▸ **WHAT NEEDS TO BE DONE**: Could the listing below be reproduced exactly, minus its pictures?

★ ★ ★

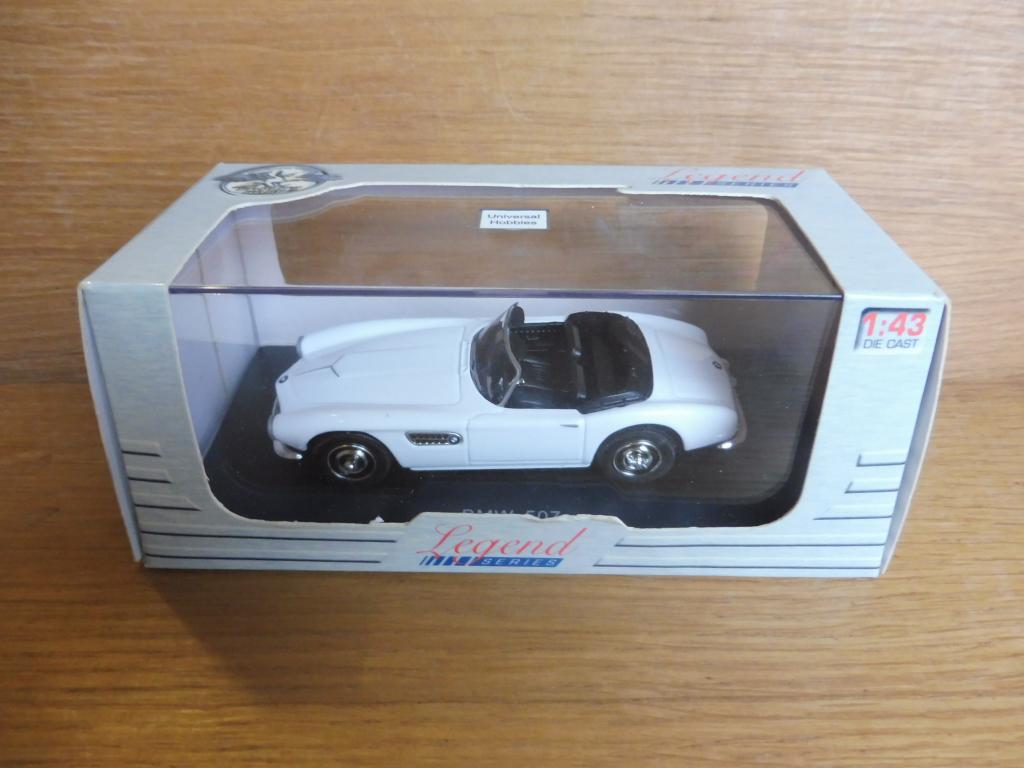 1:43 UH Universal Hobbies 4626 BMW 507 cabrio wit, Hobby en Vrije tijd, Ophalen of Verzenden, Zo goed als nieuw, Auto, Universal Hobbies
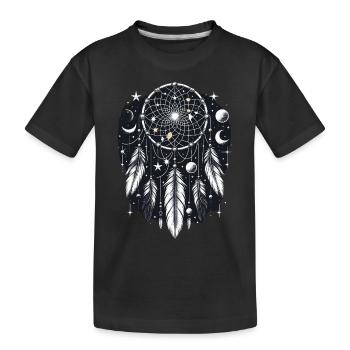 Attrape-rêves Attrape-rêves spirituel bohème - T-shirt bio Premium Enfant - noir - Devant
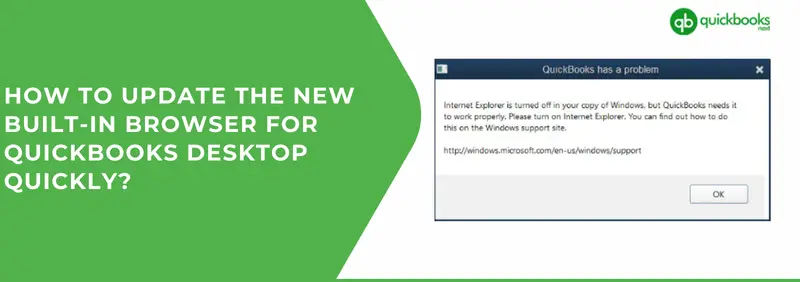 How to Update Browser in QuickBooks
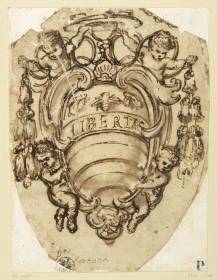 Kardinalswappen für Lorenzo Magolotti, gestorben 1637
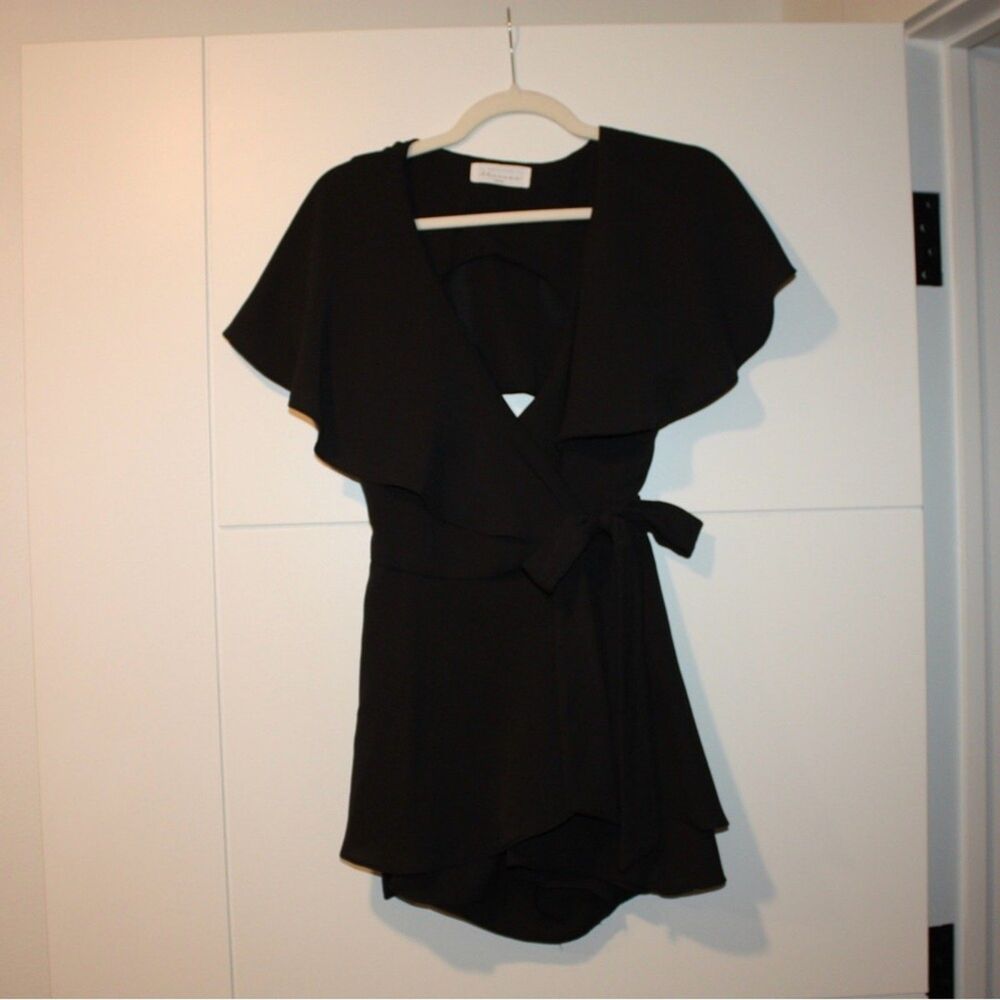 American Threads Classic Black Dress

★ ★ ★

▸ **YOUR SOLUTION**:
 1:43 UH Universal Hobbies 4626 BMW 507 cabrio wit, Hobby en Vrije tijd, Ophalen of Verzenden, Zo goed als nieuw, Auto, Universal Hobbies
 Attrape-rêves Attrape-rêves spirituel bohème - T-shirt bio Premium Enfant - noir - Devant
 How to Update Browser in QuickBooks
 Kardinalswappen für Lorenzo Magolotti, gestorben 1637
 American Threads Classic Black Dress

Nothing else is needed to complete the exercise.